What this task involves →
Without the pictures, print the lines from the one holding "Modella make up" through the last line below, both included, exactly as they stand.

Recorded information →
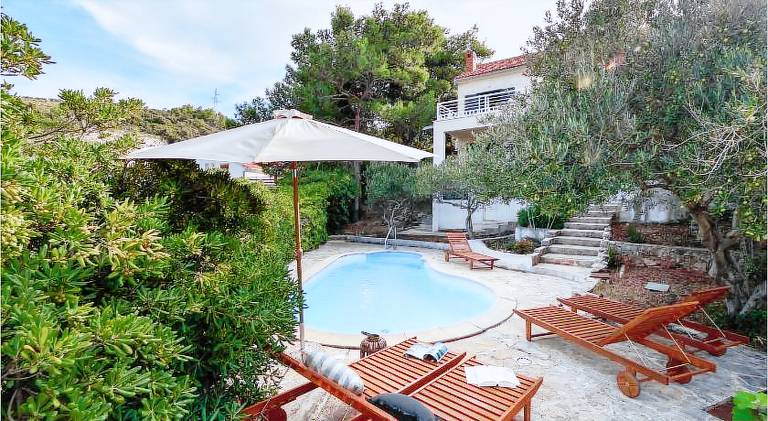 House with pool in Postira
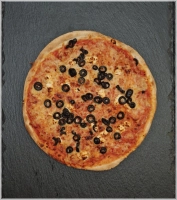 Tomatensaus, kaas, geitenkaas en olijven.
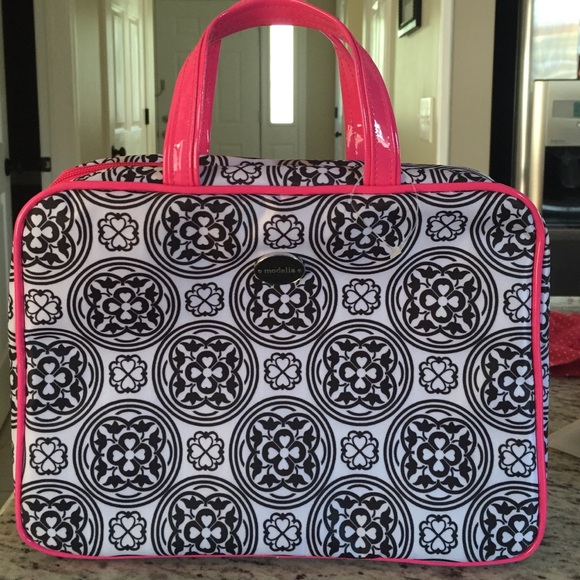 Modella make up case with bamboo zipper. - Picture 2 of 4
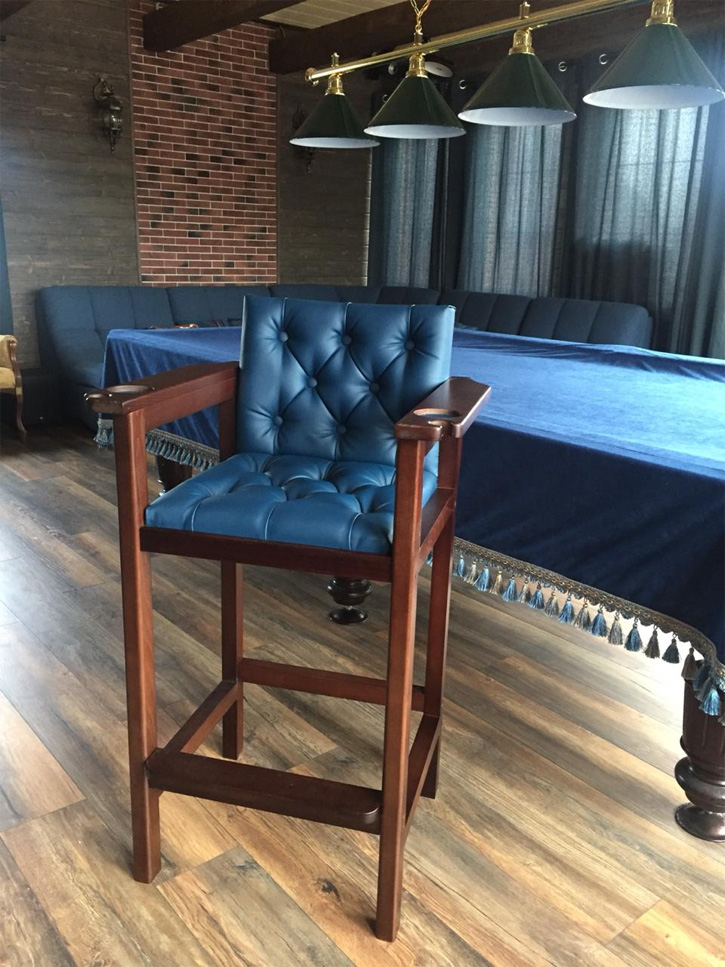 Отзыв о бильярдном стуле Барин Люкс с синим кожзамом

Output of the task →
 Modella make up case with bamboo zipper. - Picture 2 of 4
 Отзыв о бильярдном стуле Барин Люкс с синим кожзамом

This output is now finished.